Do you remember Linda Powers’ comments on this document regarding statistical considerations? Here’s a little reminder:

“In regard to p value… professional statisticians and other professionals involved in data modeling and evaluation have been calling for years for the drug approval process to stop using a rigid cutoff of p ≤ 0.05 for determination of statistical significance. A group of 800 such statisticians and professions published a paper making compelling case as to why such a rigid cutoff is inappropriate and fails to give an accurate picture of the real efficacy (or lack of efficacy) of a new medicine. See, e.g., https://www.nature.com/articles/d41586-019-00857-9?utm_source=twt_nnc&utm_medium=social&utm_campaign=naturenews&sf209700813=1 Other similar papers have been published by professional statisticians as well.

It is not fair to patients for a potentially helpful new medicine to be blocked from approval by the rigid application of p value measures that even professional statisticians oppose. In addition – as with the rejection of sub-groups – the rigid application of p values to refuse product approvals is something that the healthcare system simply cannot afford. Each time a new medicine is rejected on this basis, it adds enormous development costs. It also prevents new competition by the new medicine. All of these factors are leading to the skyrocketing drug prices.

Accordingly, we urge that the Agency add to the Draft Guidance express flexibility in regard to p values, along the lines proposed by such a large number of professional statisticians.”

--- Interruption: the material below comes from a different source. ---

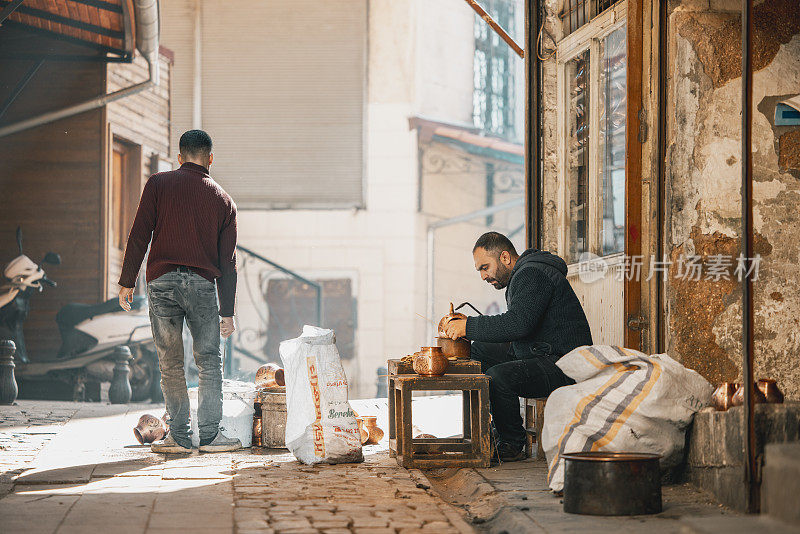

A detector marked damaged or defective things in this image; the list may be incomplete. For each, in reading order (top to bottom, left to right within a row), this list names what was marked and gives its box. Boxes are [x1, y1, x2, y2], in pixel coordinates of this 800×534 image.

peeling plaster wall [664, 0, 800, 400]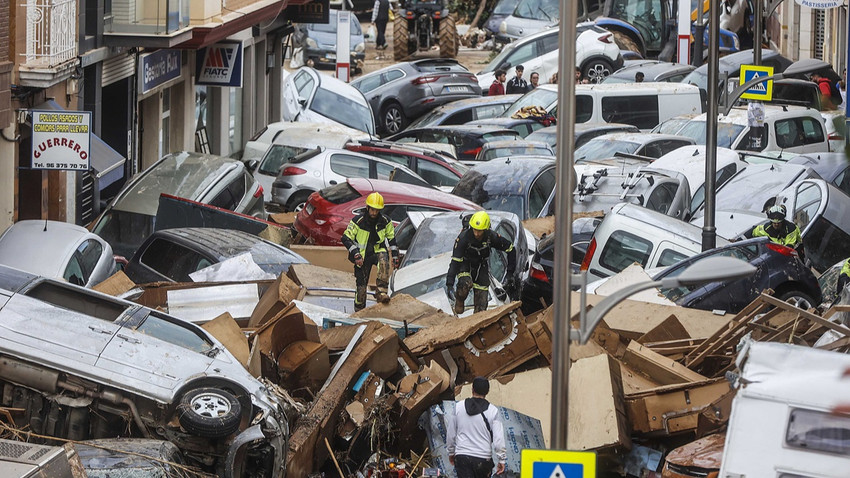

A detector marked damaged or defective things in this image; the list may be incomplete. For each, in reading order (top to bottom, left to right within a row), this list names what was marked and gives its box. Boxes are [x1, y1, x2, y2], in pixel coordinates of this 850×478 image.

No one (except maybe ex or AVII) knows the shortcomings of this trial better than Linda Powers, or the best ways to overcome them. I probably don’t need to remind anyone that it took nearly eleven months of “the most labor-intensive work with independent statisticians” (and 1 PhD from Merck) to complete the draft SAP. It’s clear that it was not simply “finalizing the SAP” as they indicated in November 2018, but instead, composing a completely new “phonebook size” SAP that spells out multiple pathways to approval, and is based on the most optimal methods of analyzing an immunotherapy with a potential delayed vaccine effect, crossover, and a long survival tail, and incorporating feedback from the very regulators who want to approve a new (safe) treatment. It wouldn’t surprise me at all if the endpoints were modified, or alpha adjusted if it would benefit the OS endpoint to achieve statistical significance.